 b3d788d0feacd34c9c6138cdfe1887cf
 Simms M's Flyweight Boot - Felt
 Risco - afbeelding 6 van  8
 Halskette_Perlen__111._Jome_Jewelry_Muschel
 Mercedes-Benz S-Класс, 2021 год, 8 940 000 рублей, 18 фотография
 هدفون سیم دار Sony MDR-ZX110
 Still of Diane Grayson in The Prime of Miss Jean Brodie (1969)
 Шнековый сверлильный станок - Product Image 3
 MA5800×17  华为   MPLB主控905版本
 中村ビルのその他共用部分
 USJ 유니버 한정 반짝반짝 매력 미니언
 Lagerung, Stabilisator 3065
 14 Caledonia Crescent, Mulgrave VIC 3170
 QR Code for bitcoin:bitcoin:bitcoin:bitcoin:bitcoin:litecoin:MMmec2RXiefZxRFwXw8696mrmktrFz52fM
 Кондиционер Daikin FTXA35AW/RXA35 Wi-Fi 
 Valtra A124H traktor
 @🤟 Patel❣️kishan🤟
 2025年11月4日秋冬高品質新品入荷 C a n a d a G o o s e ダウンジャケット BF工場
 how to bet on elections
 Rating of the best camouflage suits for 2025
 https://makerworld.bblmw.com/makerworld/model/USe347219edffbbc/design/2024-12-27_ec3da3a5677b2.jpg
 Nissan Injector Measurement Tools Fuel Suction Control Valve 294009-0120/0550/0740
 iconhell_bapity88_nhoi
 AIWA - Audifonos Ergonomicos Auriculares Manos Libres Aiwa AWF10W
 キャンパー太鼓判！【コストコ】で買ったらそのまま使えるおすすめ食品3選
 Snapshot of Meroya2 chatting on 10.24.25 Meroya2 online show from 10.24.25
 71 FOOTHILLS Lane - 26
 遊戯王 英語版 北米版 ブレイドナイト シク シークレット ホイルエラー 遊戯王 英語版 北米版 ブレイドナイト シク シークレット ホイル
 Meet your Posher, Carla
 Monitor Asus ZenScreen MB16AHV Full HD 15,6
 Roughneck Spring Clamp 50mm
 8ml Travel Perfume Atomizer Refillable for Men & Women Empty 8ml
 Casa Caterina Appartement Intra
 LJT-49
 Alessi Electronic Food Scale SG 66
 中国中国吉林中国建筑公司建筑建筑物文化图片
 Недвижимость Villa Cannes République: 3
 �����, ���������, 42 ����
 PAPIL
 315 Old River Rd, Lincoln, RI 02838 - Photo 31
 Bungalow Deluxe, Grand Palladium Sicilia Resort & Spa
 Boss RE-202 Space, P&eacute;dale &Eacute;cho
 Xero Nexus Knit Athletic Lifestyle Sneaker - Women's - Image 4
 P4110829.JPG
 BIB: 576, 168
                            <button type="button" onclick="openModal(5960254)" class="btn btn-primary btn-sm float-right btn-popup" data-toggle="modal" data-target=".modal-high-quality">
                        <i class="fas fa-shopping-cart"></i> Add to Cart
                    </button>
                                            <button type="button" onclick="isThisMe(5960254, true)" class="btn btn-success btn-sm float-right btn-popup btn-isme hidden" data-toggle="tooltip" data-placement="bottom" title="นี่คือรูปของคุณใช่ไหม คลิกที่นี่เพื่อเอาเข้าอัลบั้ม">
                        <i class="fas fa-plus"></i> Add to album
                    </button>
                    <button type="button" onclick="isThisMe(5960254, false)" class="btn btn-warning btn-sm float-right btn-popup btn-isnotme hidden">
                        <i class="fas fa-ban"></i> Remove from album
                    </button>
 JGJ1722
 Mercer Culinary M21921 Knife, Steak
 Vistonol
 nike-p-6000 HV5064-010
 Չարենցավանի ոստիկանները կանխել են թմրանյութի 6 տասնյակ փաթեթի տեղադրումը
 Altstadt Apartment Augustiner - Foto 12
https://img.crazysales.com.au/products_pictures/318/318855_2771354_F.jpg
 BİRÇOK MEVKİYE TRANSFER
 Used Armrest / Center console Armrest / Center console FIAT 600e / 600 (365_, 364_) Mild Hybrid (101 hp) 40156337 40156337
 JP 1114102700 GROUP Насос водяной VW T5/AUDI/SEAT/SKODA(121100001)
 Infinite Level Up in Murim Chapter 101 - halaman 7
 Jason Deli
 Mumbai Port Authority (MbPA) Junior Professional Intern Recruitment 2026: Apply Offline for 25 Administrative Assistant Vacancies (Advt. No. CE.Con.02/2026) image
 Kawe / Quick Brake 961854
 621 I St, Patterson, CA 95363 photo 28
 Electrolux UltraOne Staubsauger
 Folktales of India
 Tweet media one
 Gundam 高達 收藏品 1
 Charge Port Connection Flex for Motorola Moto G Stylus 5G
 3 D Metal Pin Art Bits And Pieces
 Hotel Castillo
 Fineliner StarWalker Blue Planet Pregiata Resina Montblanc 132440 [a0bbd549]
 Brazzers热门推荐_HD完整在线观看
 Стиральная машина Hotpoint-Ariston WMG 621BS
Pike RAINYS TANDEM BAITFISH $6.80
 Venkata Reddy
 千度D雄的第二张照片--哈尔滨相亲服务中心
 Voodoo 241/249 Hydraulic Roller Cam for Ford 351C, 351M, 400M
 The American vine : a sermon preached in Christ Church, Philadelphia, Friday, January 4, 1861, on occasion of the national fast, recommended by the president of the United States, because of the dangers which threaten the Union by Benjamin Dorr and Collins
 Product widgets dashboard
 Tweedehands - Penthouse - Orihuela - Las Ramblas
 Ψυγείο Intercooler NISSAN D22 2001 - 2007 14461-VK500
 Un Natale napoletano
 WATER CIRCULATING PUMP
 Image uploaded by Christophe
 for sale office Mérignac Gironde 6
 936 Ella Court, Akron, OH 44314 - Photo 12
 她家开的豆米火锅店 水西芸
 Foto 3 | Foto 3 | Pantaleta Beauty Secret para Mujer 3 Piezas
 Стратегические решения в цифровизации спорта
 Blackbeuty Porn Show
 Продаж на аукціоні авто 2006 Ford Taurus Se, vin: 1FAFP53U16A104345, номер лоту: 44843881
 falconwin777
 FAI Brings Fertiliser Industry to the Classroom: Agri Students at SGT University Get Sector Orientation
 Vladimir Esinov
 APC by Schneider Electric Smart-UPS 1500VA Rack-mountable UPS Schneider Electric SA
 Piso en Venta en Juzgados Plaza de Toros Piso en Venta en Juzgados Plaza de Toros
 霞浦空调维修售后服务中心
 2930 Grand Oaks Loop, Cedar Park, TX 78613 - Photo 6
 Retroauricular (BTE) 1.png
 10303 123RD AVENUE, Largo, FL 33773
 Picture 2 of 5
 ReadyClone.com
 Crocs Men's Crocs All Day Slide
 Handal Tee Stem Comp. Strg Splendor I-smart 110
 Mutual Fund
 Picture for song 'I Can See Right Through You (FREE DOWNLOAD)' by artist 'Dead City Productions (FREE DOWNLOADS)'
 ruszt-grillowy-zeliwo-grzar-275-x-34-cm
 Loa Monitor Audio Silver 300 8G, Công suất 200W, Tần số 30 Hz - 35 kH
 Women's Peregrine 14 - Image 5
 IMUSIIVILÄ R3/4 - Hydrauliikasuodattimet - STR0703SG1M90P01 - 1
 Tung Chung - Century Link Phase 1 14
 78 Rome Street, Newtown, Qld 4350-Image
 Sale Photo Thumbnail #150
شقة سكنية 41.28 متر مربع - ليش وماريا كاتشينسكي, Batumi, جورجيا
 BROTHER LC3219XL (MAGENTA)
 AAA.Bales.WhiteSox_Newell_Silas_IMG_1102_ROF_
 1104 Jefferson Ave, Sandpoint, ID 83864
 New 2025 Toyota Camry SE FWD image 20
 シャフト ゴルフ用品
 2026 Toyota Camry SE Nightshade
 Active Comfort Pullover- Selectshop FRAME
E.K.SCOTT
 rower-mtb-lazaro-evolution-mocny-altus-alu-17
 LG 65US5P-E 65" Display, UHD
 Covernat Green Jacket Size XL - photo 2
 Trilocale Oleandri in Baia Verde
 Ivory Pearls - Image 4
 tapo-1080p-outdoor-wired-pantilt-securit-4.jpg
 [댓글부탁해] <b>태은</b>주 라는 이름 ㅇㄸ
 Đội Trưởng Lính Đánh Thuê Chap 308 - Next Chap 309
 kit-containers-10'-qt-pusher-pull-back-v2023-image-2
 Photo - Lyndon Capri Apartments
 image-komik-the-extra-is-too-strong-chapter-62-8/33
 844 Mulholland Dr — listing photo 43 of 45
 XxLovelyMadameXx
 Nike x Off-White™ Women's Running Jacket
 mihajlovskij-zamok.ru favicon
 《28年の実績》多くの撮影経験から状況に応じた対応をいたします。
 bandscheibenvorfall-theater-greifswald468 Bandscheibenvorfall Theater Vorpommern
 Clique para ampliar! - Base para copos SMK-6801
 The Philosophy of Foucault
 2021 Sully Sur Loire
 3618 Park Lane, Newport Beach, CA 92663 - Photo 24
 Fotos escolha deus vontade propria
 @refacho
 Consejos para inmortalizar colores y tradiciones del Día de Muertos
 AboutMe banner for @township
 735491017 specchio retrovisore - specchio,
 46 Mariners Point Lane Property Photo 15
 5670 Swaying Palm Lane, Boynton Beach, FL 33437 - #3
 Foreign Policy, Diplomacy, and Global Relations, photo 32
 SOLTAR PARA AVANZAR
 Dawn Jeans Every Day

(Work instructions):
Read the entries and select each line where the word "Jacket" is found.

(Answer to this task):
 Covernat Green Jacket Size XL - photo 2
 Nike x Off-White™ Women's Running Jacket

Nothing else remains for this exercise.